All things change; everything flows onward. Ballet will live as long as
ballet itself lives!
THE SOUL OF DANCE AWARD WINNERS column introduces this year’s heroes.
Vasiliev is a Chaliapin in Ballet is a set of excerpts form Boris Lvov-Anokhin’s
book Vladimir Vasiliev. Here’s just one little quotation from the book,
which has long been out of print:
“…The name Vladimir Vasiliev has for many become a symbol of Russian
ballet, an embodiment of its spontaneous, elemental strength and profundity.
For me, Vasiliev is a Chaliapin of ballet – the same power of talent, the
same scale of reform in the field of choreographic performance, the same
incomprehensible aptitude for dramatic identification, the same charisma
of a national genius. Indeed, the Russian genius is clearly resonant both
in Chaliapin’s singing and Vasiliev’s dancing.”
In addition to these excerpts included here are many other statements
about the grand Russian dancer made by Feodor Lopukhov, Kassian Goleyzovsky,
Galina Ulanova, and Mikhail Gabovich.
Nadezhda Tzai’s essay deals with the creative work of Ghennadi Selyutsky,
a remarkable artist and educator. “He is well known in the ballet world
of St. Petersburg and far beyond. His own and quite inimitable style in
the most diverse roles has always been Selyutsky’s distinctive characteristic.
His most satisfying reward, however, turned out to be his students.” Among
Selyutsky’s apprentices as r?p?titeur with the Mariinsky Theater are Constantine
Zaklinsky, Julia Makhalina, Farukh Ruzimatov, Igor Zelensky, Igor Kolb,
and Danila Korsuntsev. The teacher’s “gold-work” began at the A. Vaganova
Academy where Selyutsky’s output since 1963 has been thirteen classes.

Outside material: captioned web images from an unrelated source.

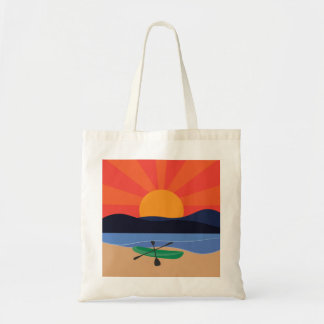 Kayak on the Lake at Sunset Tote Bag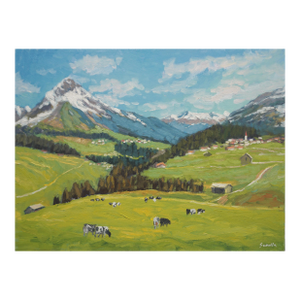 Original Oil Landscape of Albes Mountain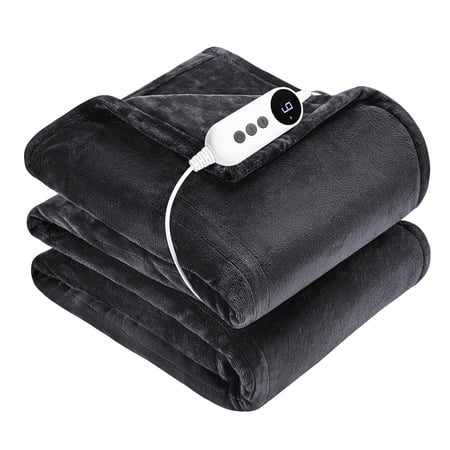 WISHEAD Electric Heated Blanket with 9 Heat Settings & 4 Auto-Off Timers, Dual-Sided Flannel Throw for Twin Bed, Machine Washable, ETL & FCC Certified, 62"x84", Dark Gray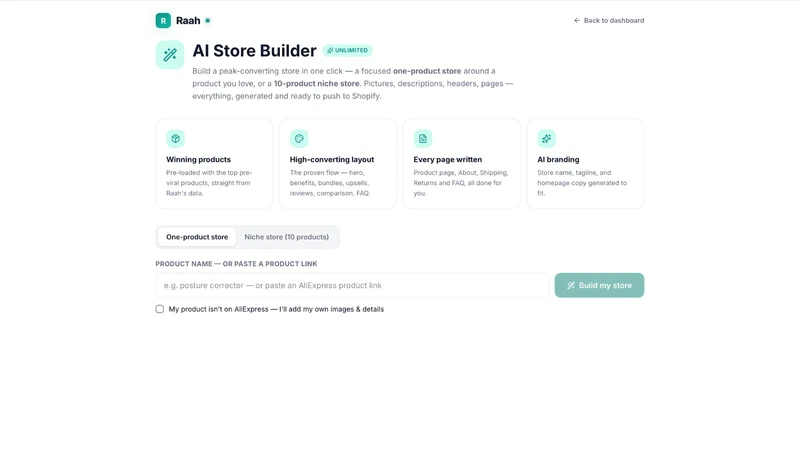 Raah: Research & Store Creator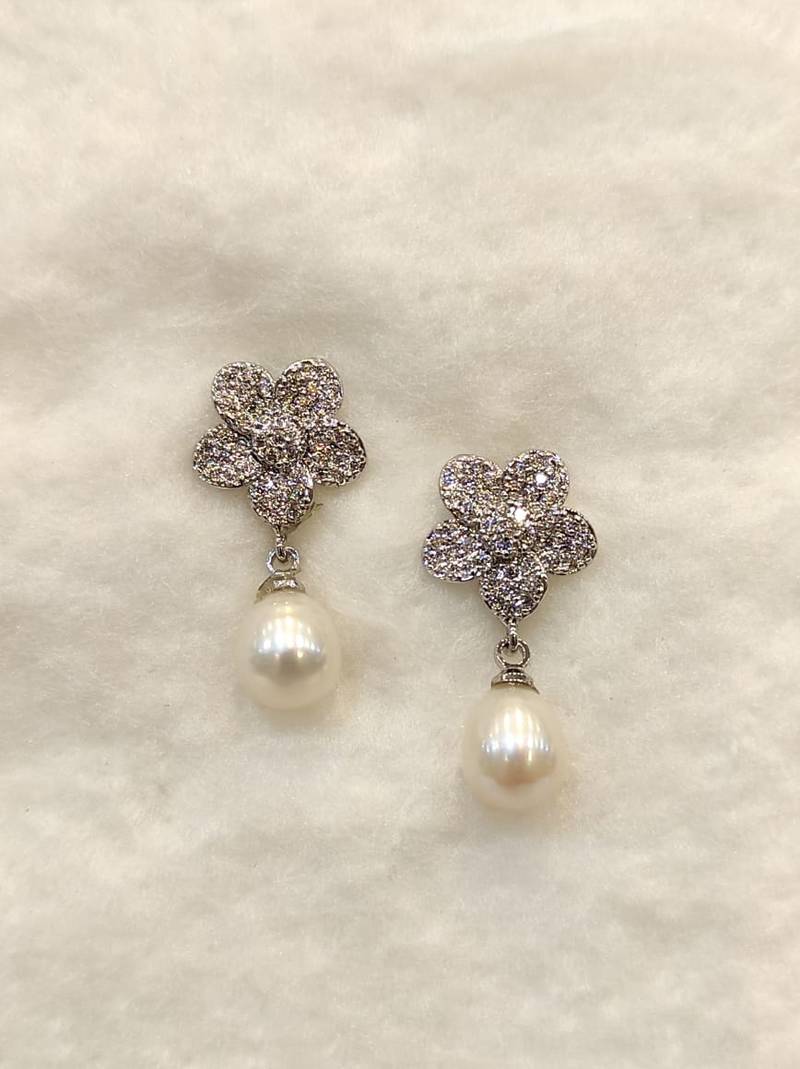 White pearl earrings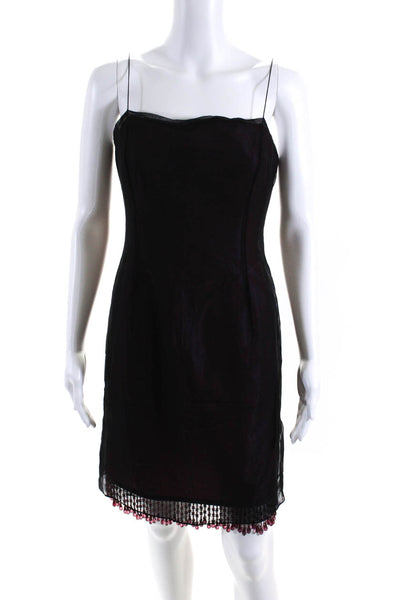 Tahari Womens Beaded Hem Chiffon Taffeta Sheath Dress Black Pink Size Petite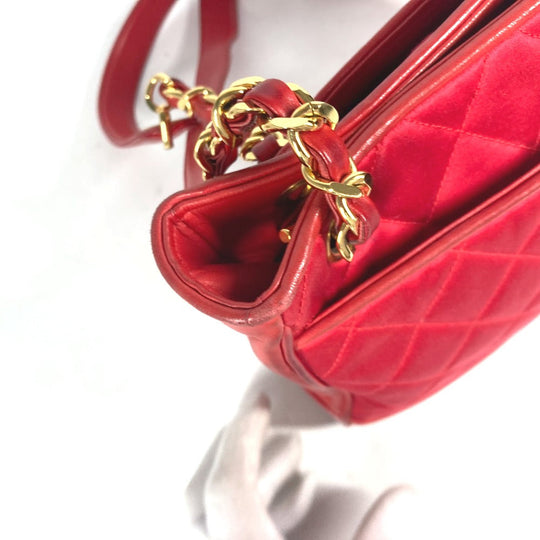 CHANEL Shoulder Bag Satin, Leather Red Vintage Cocoball Matrasse quilting Women Used Authentic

The professor constantly seeks new approaches to motion, introduces unusual
combinational junctions, sometimes invents new musical moulds, thus developing
in his students the ability to “dance” music, enhancing their plastic memory,
and teaching them to think.
Musicologist Elena Nicholaeva offers a detailed analysis of the artistic
life of composer Valery Kikta, who “with enviable perseverance has during
several decades kept building up his ballet theater, experiencing all the
while both the joy of artistic success and disappointment of failures.”
The majority of Kikta’s ballets have seen limelight of many a musical theater
both in Russia and abroad. Some of his symphonic works have also formed
a base for ballet productions. The article reveals distinctive “poetics”
of the composer’s world in which dance is perceived as an art of exceptionally
beautiful and polished motion. The composer is fond of action ballet with
its distinctive plot lines and contrast of images. May it not be the reason
why the classical Russian literature serves as the main source of his creative
work? Indeed, among his works are Dubrovsky after Pushkin, The Light of
My Eyes, Maria! after Nekrasov, The Witch of Polesie after Kuprin as well
as epic ballets such as Revelation, The White Cockade, and A Legend of
the Ural Foothills. The article in question discusses the stage interpretations
of these and other ballets by Valery Kikta.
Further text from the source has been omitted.